▶ _Data segment_:
....

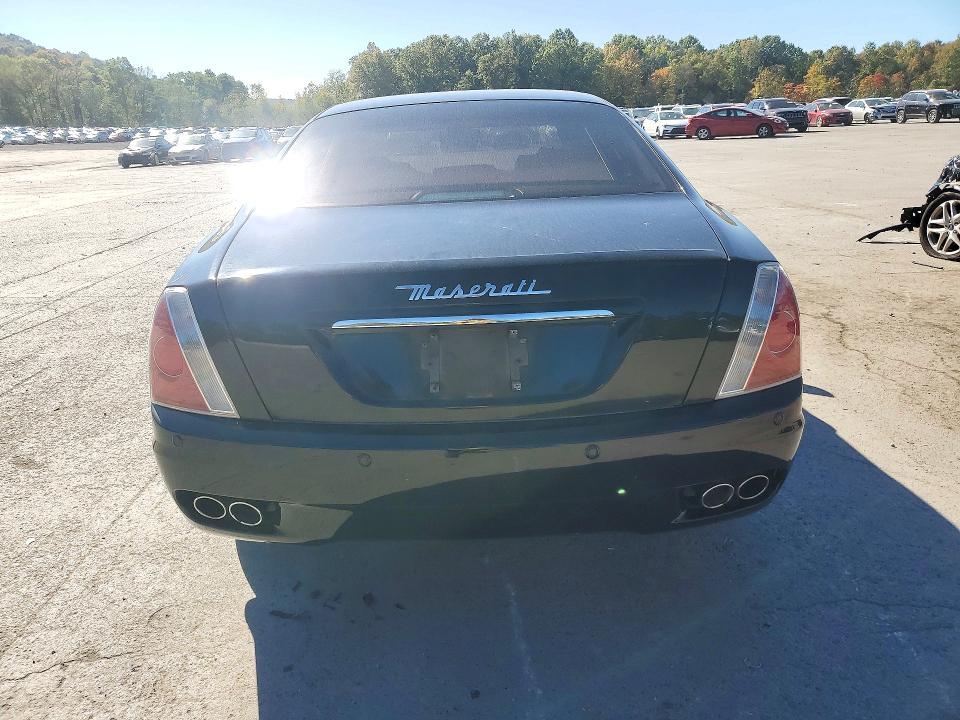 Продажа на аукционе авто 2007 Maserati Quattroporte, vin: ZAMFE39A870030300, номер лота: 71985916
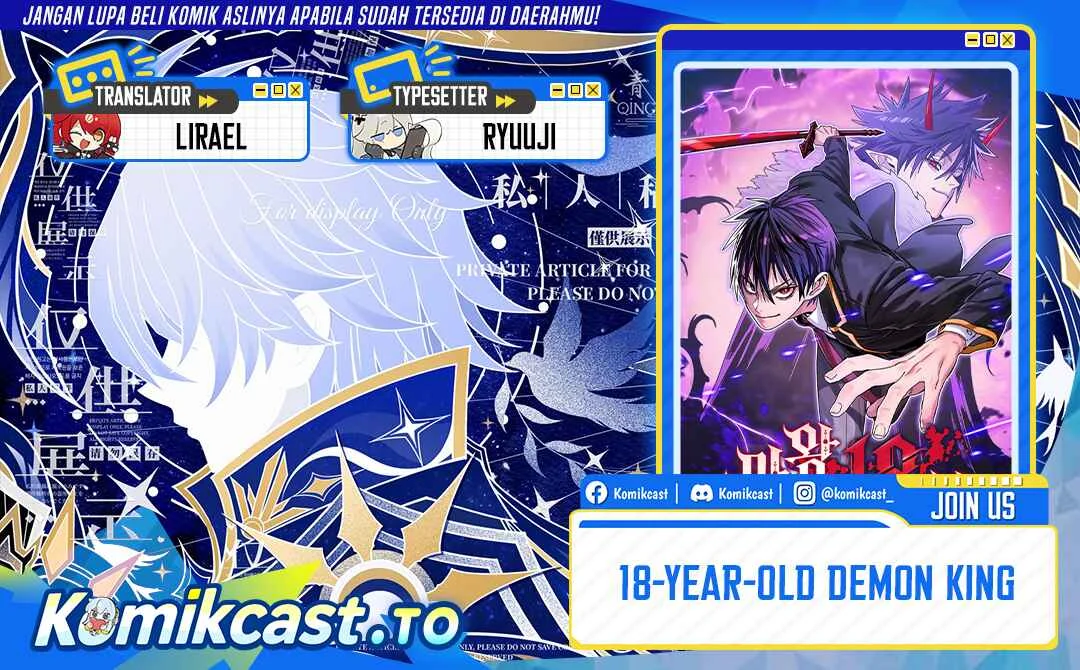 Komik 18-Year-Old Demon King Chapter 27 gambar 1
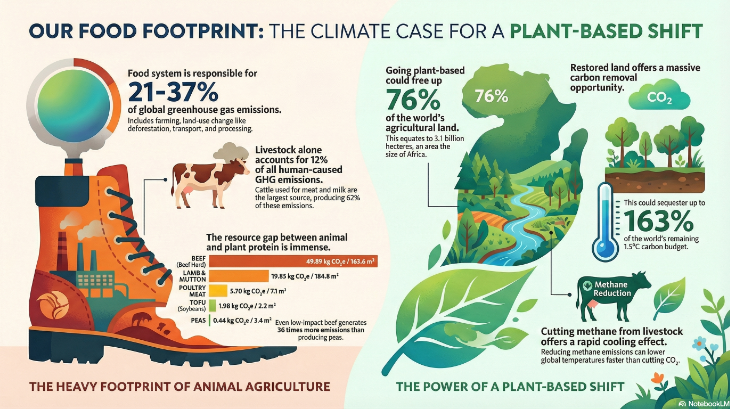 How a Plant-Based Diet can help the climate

....

▶ _Your instructions_:
Every line from the one containing "Komik 18-Year-Old Demon" through the last line of the data, both included, is to be repeated exactly; the pictures are to be left out.

▶ _Written answer_:
 Komik 18-Year-Old Demon King Chapter 27 gambar 1
 How a Plant-Based Diet can help the climate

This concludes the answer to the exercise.